→ Material provided

##############################

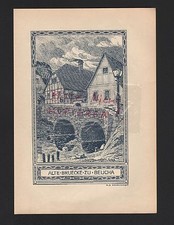 Lithograph 1908, painting old bridge to Beucha Leipzig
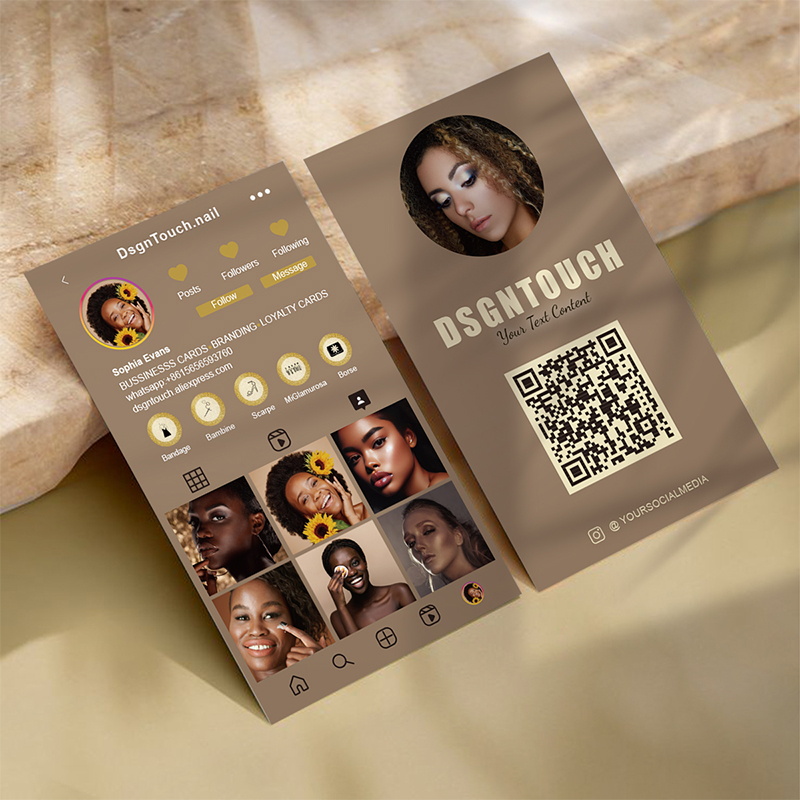 DsgnTouch Instagram Custom QR Card Review Customized Visit Lash Virtual Business Product Cards Beauty Personalized For Business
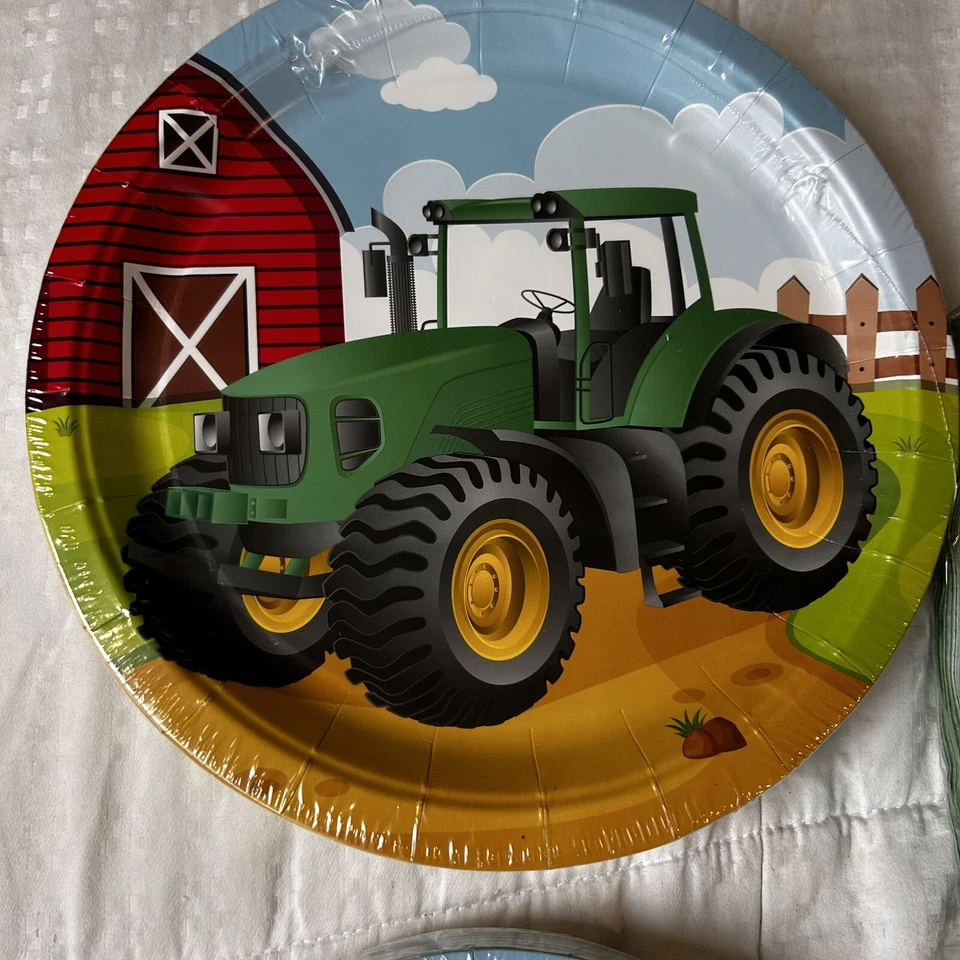 Decor Life Tractor Table, Ware Supply Plates, Napkins Forks - Image 4 of 4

##############################

→ What the exercise asks
Repeat the data word for word, excluding any image.

→ Response
 Lithograph 1908, painting old bridge to Beucha Leipzig
 DsgnTouch Instagram Custom QR Card Review Customized Visit Lash Virtual Business Product Cards Beauty Personalized For Business
 Decor Life Tractor Table, Ware Supply Plates, Napkins Forks - Image 4 of 4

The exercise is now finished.